NVlabs / eg3d

Other
3.24k stars 362 forks source link

Efficient Geometry-aware 3D Generative Adversarial Networks (EG3D)
Official PyTorch implementation of the CVPR 2022 paper

Teaser image

Efficient Geometry-aware 3D Generative Adversarial Networks
Eric R. Chan, Connor Z. Lin, Matthew A. Chan, Koki Nagano, Boxiao Pan, Shalini De Mello, Orazio Gallo, Leonidas Guibas, Jonathan Tremblay, Sameh Khamis, Tero Karras, and Gordon Wetzstein
* equal contribution

https://nvlabs.github.io/eg3d/

Abstract: Unsupervised generation of high-quality multi-view-consistent images and 3D shapes using only collections of single-view 2D photographs has been a long-standing challenge. Existing 3D GANs are either compute-intensive or make approximations that are not 3D-consistent; the former limits quality and resolution of the generated images and the latter adversely affects multi-view consistency and shape quality. In this work, we improve the computational efficiency and image quality of 3D GANs without overly relying on these approximations. We introduce an expressive hybrid explicit-implicit network architecture that, together with other design choices, synthesizes not only high-resolution multi-view-consistent images in real time but also produces high-quality 3D geometry. By decoupling feature generation and neural rendering, our framework is able to leverage state-of-the-art 2D CNN generators, such as StyleGAN2, and inherit their efficiency and expressiveness. We demonstrate state-of-the-art 3D-aware synthesis with FFHQ and AFHQ Cats, among other experiments.

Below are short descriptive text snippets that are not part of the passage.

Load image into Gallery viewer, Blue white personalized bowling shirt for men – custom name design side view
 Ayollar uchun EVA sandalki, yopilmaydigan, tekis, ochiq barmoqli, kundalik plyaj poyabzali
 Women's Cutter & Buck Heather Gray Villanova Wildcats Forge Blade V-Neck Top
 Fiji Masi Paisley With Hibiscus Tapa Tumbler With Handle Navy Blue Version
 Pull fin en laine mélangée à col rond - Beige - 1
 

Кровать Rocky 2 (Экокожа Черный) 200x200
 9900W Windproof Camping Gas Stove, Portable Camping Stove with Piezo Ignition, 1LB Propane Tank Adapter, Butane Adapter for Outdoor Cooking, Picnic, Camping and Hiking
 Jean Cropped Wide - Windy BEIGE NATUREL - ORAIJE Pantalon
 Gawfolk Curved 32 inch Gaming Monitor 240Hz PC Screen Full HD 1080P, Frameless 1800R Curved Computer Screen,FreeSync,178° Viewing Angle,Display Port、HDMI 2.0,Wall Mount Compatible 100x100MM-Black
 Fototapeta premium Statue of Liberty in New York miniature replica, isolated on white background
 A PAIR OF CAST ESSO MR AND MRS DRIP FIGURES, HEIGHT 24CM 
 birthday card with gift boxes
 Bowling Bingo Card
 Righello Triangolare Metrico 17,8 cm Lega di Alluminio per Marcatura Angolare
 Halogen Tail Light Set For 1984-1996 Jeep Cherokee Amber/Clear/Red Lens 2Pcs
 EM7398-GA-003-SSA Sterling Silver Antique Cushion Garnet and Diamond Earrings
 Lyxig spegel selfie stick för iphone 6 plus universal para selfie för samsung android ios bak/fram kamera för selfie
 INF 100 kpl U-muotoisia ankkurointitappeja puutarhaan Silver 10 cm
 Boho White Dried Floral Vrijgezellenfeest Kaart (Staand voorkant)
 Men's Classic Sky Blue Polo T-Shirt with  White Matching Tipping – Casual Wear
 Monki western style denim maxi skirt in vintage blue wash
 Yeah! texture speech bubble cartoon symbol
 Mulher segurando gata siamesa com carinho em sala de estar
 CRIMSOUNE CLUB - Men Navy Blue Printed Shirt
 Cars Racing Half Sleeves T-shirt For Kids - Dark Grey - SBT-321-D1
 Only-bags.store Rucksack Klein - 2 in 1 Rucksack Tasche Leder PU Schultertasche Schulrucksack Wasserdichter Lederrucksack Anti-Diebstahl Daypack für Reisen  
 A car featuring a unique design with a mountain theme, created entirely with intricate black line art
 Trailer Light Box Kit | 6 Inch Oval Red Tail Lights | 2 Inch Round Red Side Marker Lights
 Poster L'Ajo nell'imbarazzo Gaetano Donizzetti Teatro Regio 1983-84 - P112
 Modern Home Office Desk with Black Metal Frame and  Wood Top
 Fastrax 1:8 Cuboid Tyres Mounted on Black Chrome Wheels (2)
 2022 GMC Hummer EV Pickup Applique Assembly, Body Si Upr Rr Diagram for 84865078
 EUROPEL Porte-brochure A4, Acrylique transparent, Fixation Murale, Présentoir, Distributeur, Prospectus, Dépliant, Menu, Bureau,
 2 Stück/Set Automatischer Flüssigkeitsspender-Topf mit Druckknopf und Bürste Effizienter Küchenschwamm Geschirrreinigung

For business inquiries, please visit our website and submit the form: NVIDIA Research Licensing

Requirements

Getting started

Pre-trained networks are stored as *.pkl files that can be referenced using local filenames. See Models for download links to pre-trained checkpoints.

Generating media

# Generate videos using pre-trained model

python gen_videos.py --outdir=out --trunc=0.7 --seeds=0-3 --grid=2x2 \
    --network=networks/network_snapshot.pkl

# Generate the same 4 seeds in an interpolation sequence

python gen_videos.py --outdir=out --trunc=0.7 --seeds=0-3 --grid=1x1 \
    --network=networks/network_snapshot.pkl
# Generate images and shapes (as .mrc files) using pre-trained model

python gen_samples.py --outdir=out --trunc=0.7 --shapes=true --seeds=0-3 \
    --network=networks/network_snapshot.pkl

We visualize our .mrc shape files with UCSF Chimerax.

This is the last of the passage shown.